------ Supplied information ------

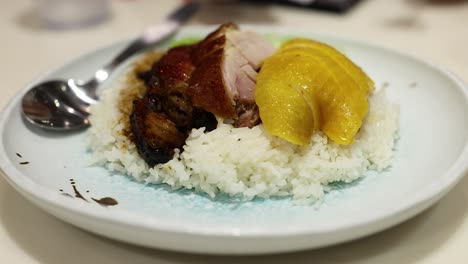 un plato de arroz con pato y pollo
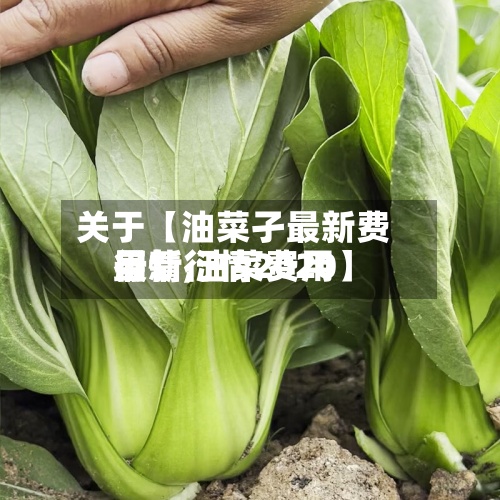 关于【油菜孑最新费用
行情,油菜费用
最新行情2020】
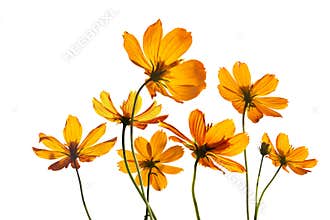 Colorful flowers transparent on isolated white background, vibrant color
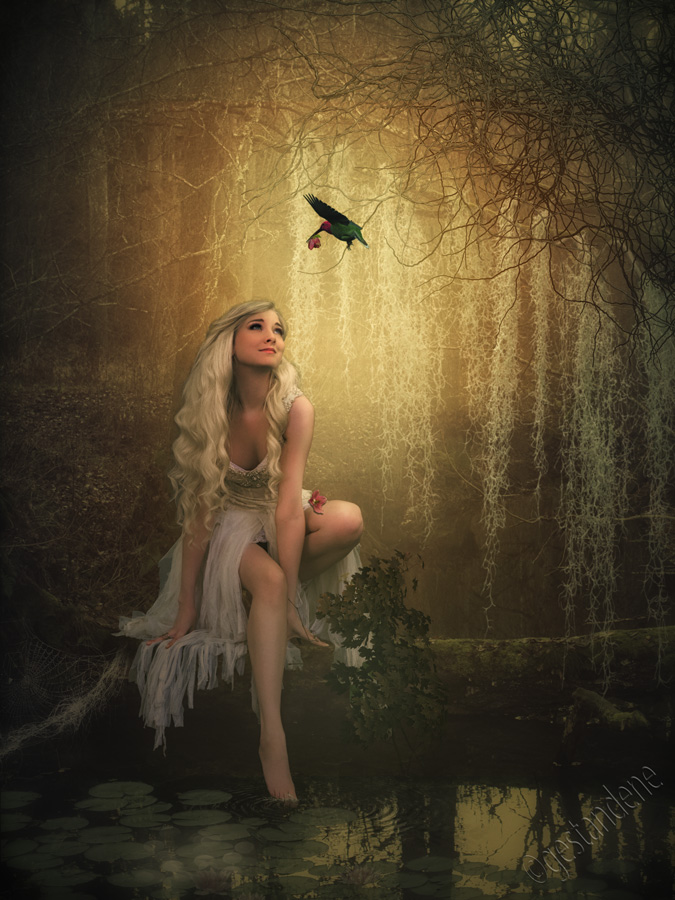 Geschenk by gestandene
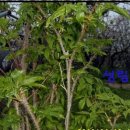 성림농장 이미지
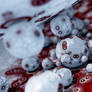 Cold Blood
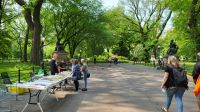 Städtereise New York - Spaziergang im Central Park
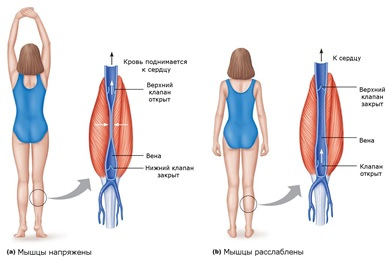 Работа икроножного «венозного насоса» мышц голеней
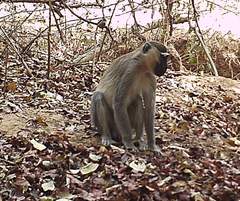 Chlorocebus tantalus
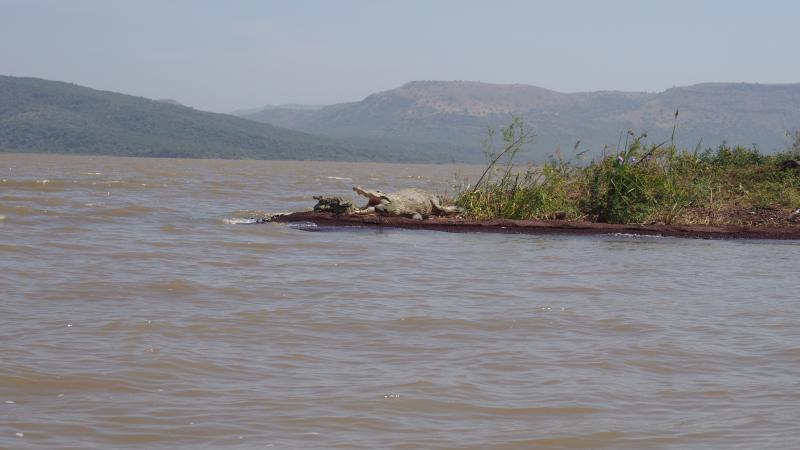 Lago Chamo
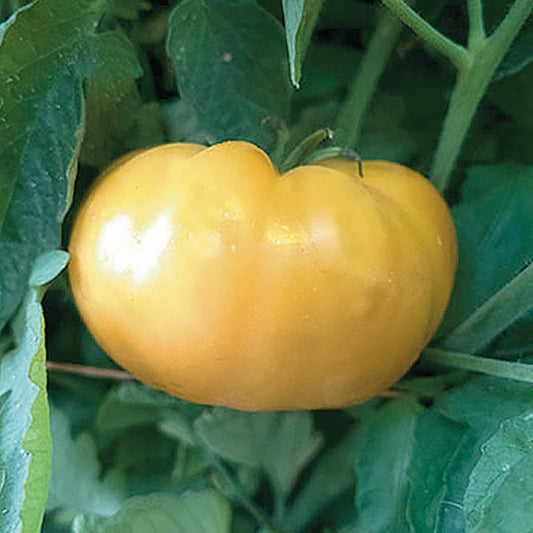 Kentucky Beefsteak Tomato Seeds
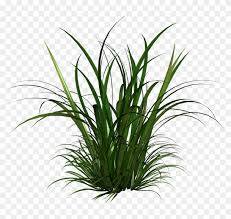 See more ideas about garden coloring pages, coloring pages, colorful garden. Free Icons Png Tall Grass Clipart Free Transparent Png Clipart Images Download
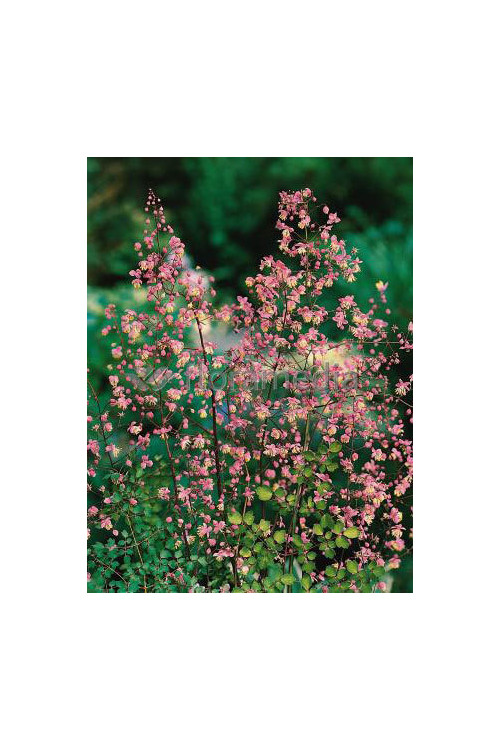 Rutewka dwuskrzydłowa Thalictrum dipterocarpum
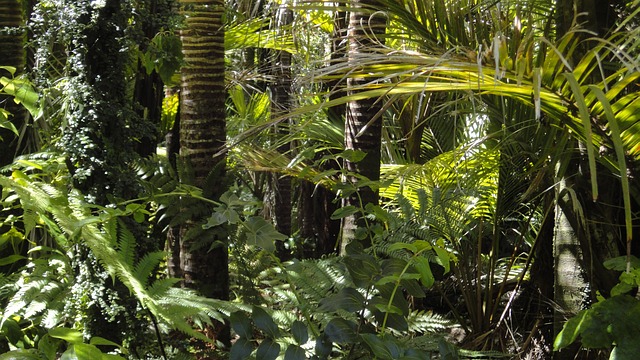 La faune et la flore de la jungle exotique : une decouverte fascinante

------

Task brief –
Please set down each entry word for word, without its images.

Task answer –
 un plato de arroz con pato y pollo
 关于【油菜孑最新费用
行情,油菜费用
最新行情2020】
 Colorful flowers transparent on isolated white background, vibrant color
 Geschenk by gestandene
 성림농장 이미지
 Cold Blood
 Städtereise New York - Spaziergang im Central Park
 Работа икроножного «венозного насоса» мышц голеней
 Chlorocebus tantalus
 Lago Chamo
 Kentucky Beefsteak Tomato Seeds
 See more ideas about garden coloring pages, coloring pages, colorful garden. Free Icons Png Tall Grass Clipart Free Transparent Png Clipart Images Download
 Rutewka dwuskrzydłowa Thalictrum dipterocarpum
 La faune et la flore de la jungle exotique : une decouverte fascinante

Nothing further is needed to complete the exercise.